> **Task item**
Write out exactly the lines below starting at the one containing "Now I divide" and ending at the one containing "Suitable for all". Omit every picture.
Records provided Block Start
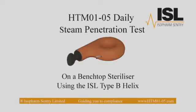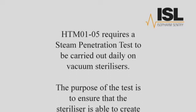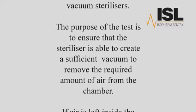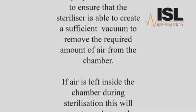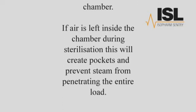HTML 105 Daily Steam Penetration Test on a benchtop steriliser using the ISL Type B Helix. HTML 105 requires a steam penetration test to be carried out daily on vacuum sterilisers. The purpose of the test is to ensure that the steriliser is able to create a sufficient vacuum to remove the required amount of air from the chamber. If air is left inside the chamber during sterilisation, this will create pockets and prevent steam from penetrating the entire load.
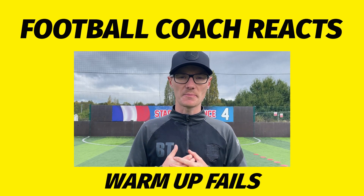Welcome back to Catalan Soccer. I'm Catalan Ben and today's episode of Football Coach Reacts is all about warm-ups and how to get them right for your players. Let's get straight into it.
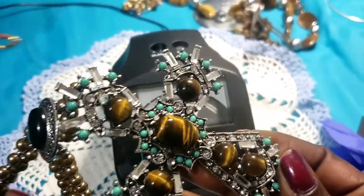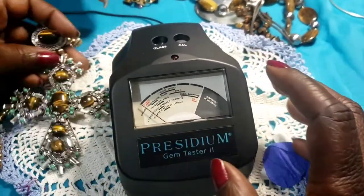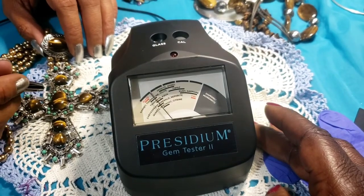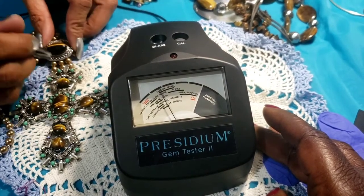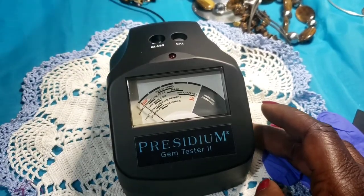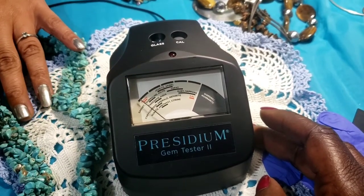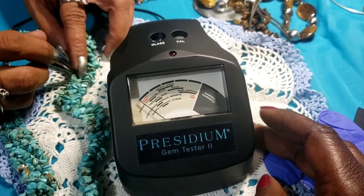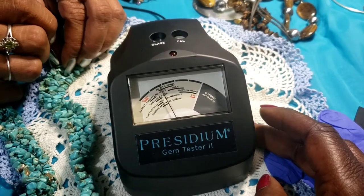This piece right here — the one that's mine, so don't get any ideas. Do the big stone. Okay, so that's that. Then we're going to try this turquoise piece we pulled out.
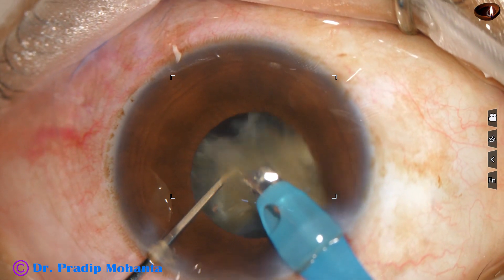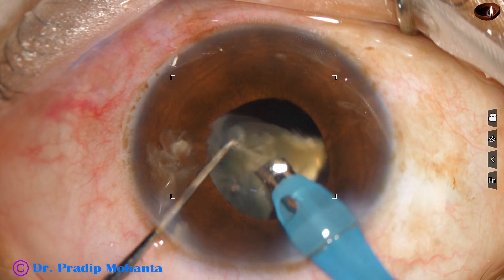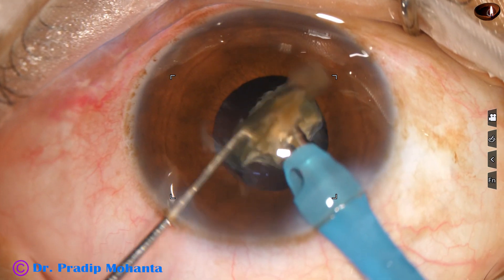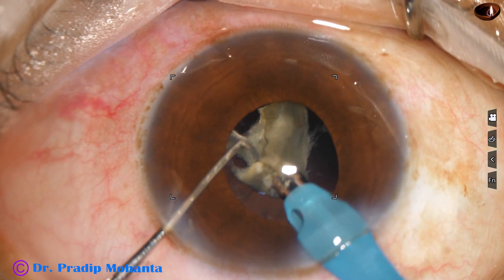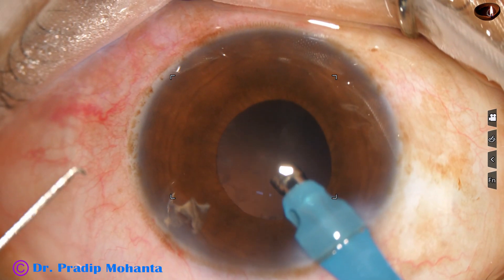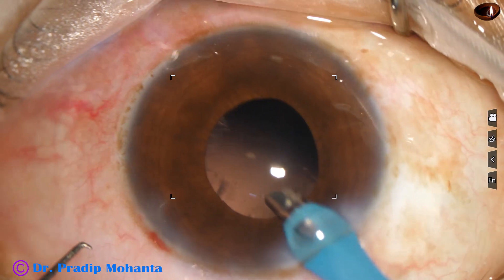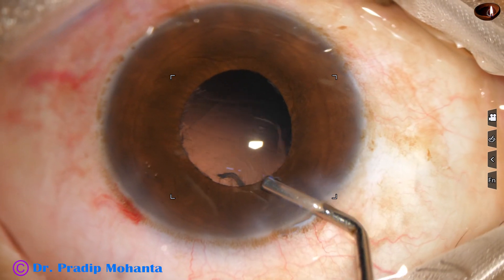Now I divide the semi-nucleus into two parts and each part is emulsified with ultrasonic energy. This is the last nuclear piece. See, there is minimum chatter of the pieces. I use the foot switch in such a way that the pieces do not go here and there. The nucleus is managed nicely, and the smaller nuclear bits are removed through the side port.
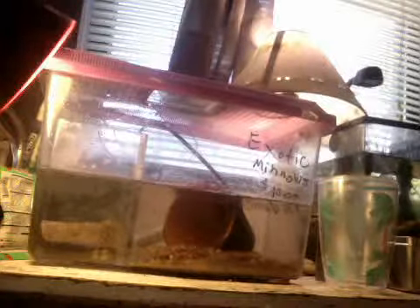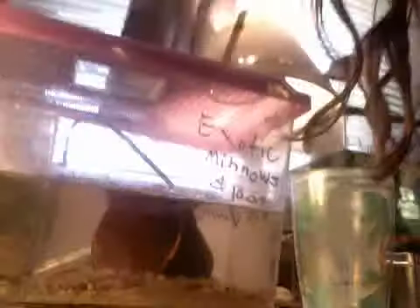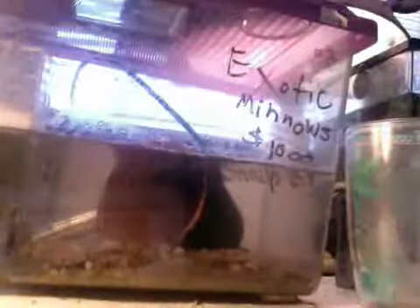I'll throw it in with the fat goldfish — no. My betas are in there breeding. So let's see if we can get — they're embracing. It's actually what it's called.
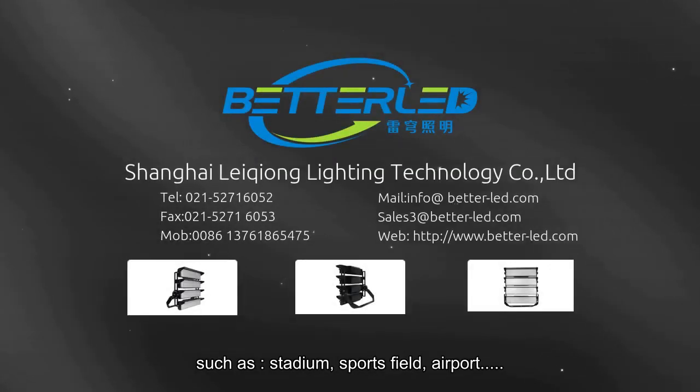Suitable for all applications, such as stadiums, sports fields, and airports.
Records provided Block End
Records provided Block Start
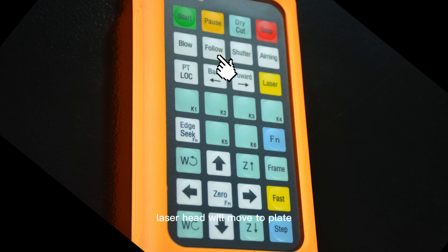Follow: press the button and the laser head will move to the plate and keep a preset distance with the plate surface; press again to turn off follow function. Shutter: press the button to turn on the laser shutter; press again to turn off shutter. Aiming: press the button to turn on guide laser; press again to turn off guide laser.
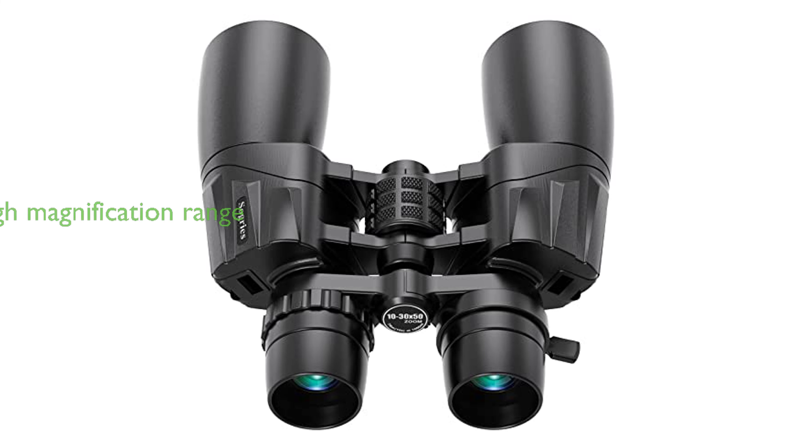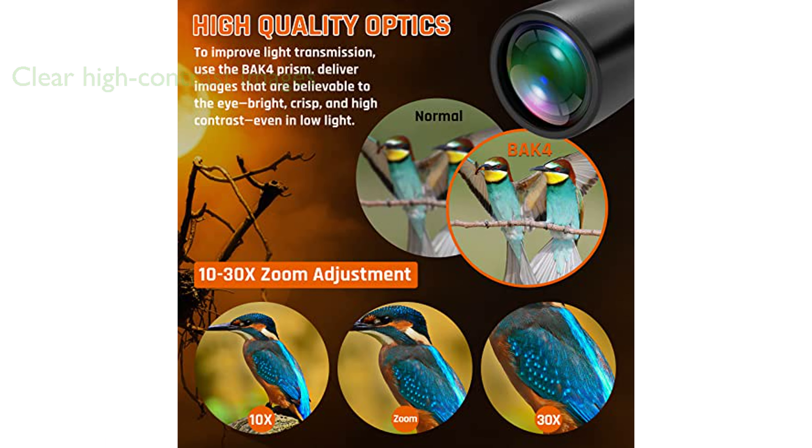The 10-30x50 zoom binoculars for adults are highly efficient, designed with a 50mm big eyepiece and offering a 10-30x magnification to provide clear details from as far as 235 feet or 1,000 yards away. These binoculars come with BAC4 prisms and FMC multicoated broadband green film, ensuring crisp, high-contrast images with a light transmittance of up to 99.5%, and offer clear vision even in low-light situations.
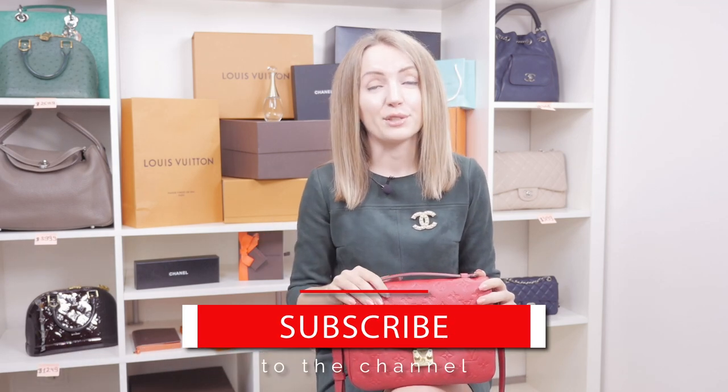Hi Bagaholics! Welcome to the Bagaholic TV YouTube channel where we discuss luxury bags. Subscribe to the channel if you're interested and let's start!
Records provided Block End
Records provided Block Start
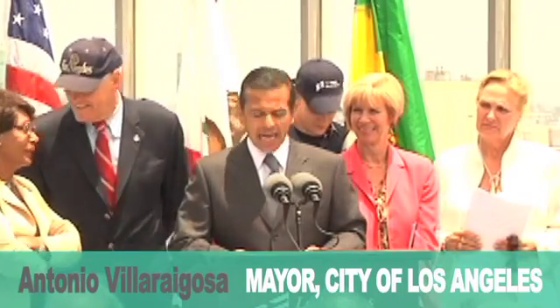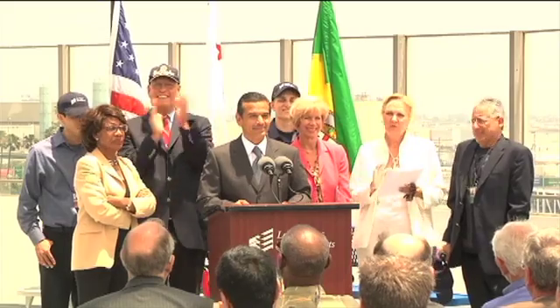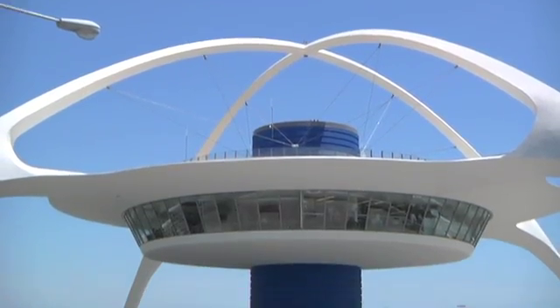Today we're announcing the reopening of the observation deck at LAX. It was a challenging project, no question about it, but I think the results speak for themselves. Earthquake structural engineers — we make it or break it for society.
Records provided Block End
> **Answer to the exercise**
Now I divide the semi-nucleus into two parts and each part is emulsified with ultrasonic energy. This is the last nuclear piece. See, there is minimum chatter of the pieces. I use the foot switch in such a way that the pieces do not go here and there. The nucleus is managed nicely, and the smaller nuclear bits are removed through the side port.
I'll throw it in with the fat goldfish — no. My betas are in there breeding. So let's see if we can get — they're embracing. It's actually what it's called.
Suitable for all applications, such as stadiums, sports fields, and airports.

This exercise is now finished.